- What you will do -
Output the data word for word, dropping every image.

- Input records -
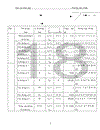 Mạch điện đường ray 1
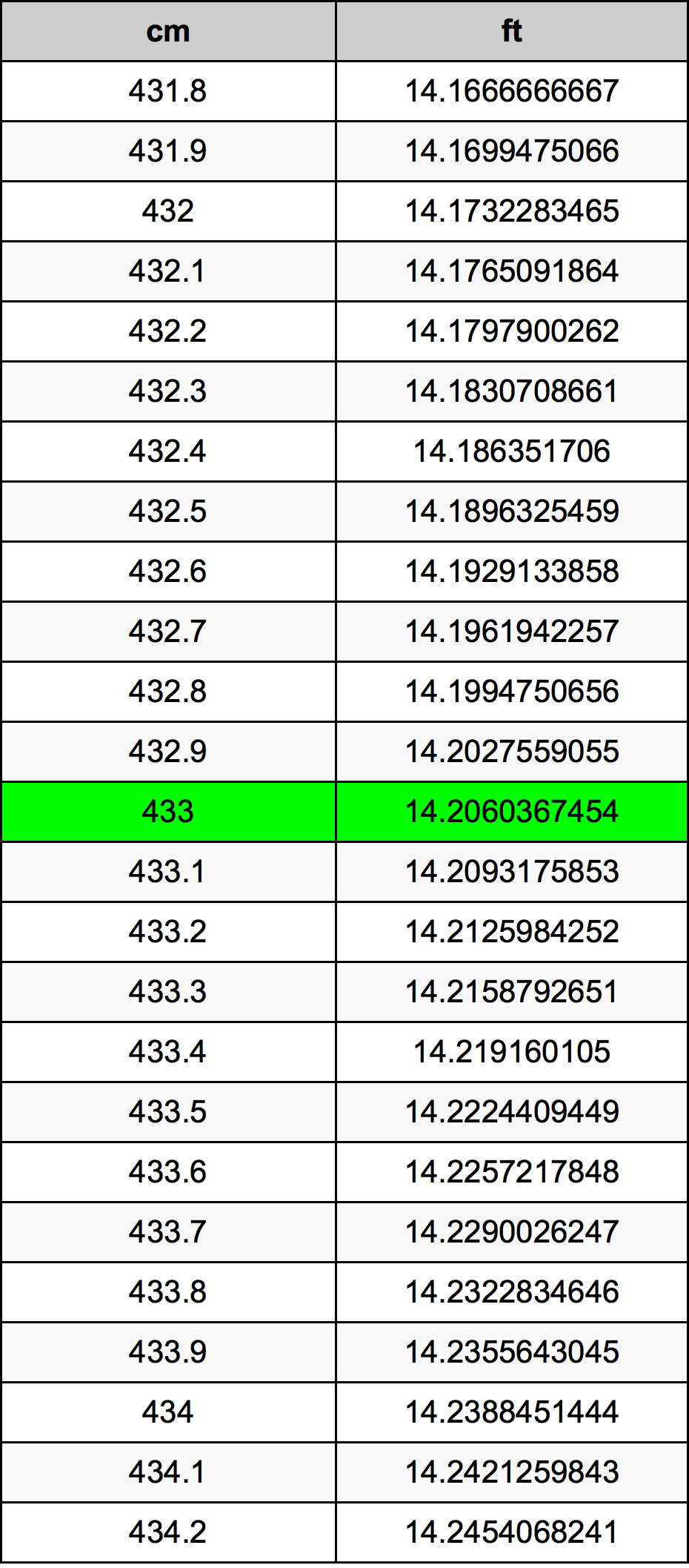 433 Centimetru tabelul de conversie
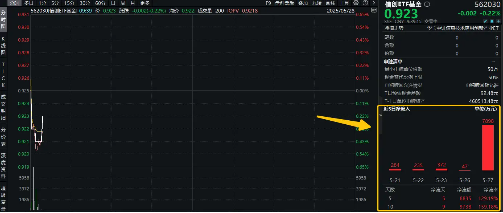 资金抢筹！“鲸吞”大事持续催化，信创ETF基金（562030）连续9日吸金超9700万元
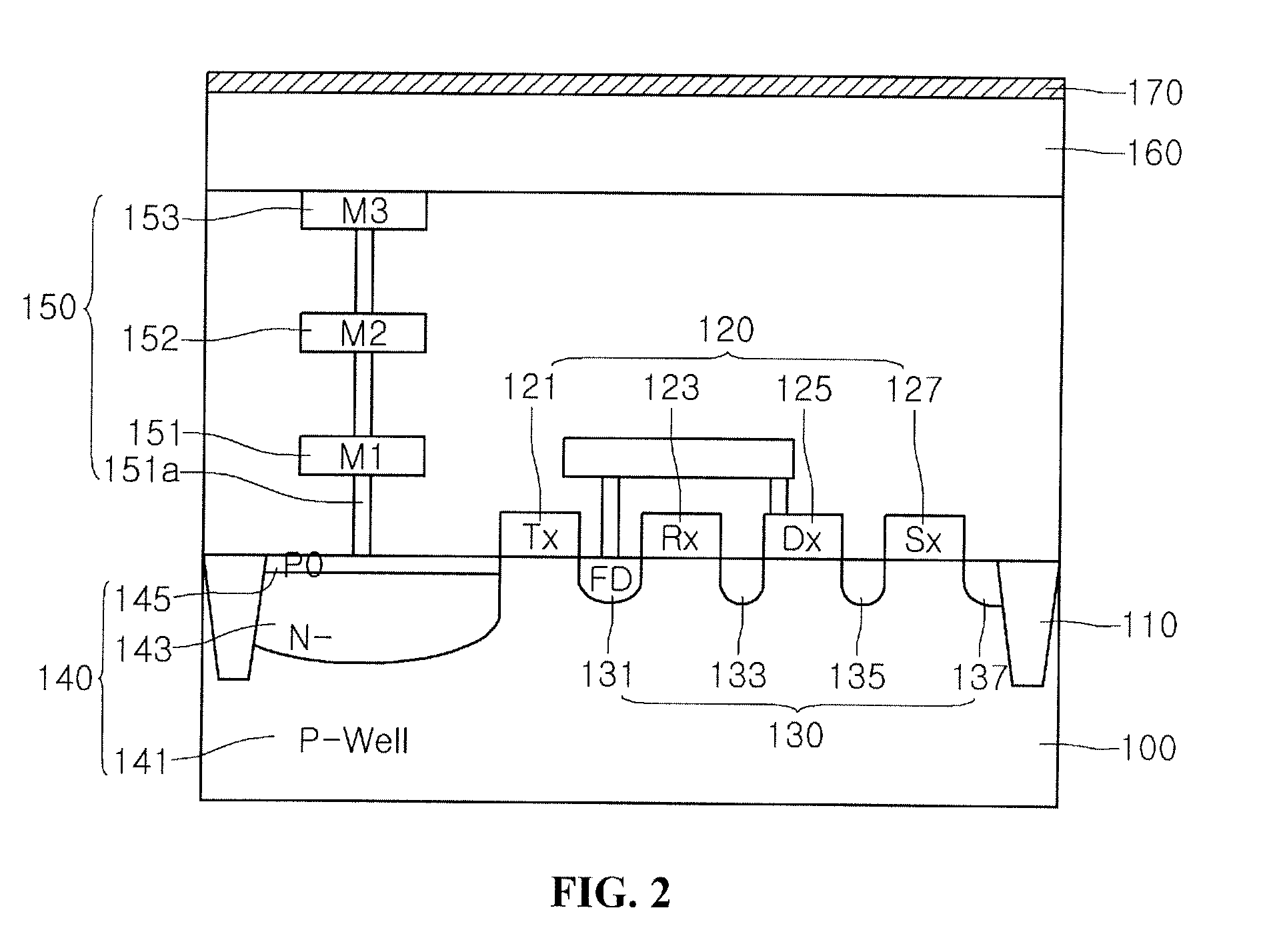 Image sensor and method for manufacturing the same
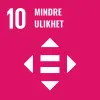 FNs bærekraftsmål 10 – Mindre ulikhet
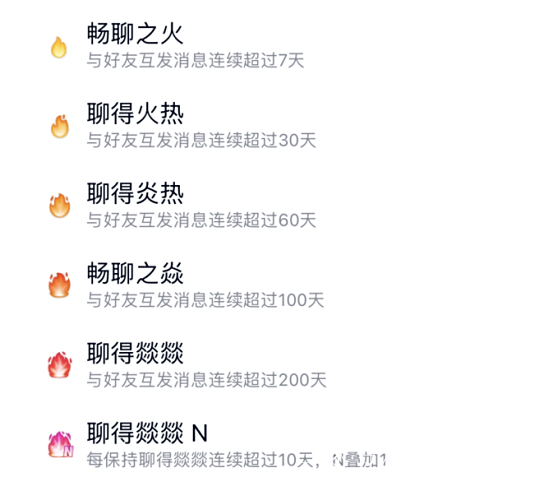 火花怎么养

- Answer box -
 Mạch điện đường ray 1
 433 Centimetru tabelul de conversie
 资金抢筹！“鲸吞”大事持续催化，信创ETF基金（562030）连续9日吸金超9700万元
 Image sensor and method for manufacturing the same
 FNs bærekraftsmål 10 – Mindre ulikhet
 火花怎么养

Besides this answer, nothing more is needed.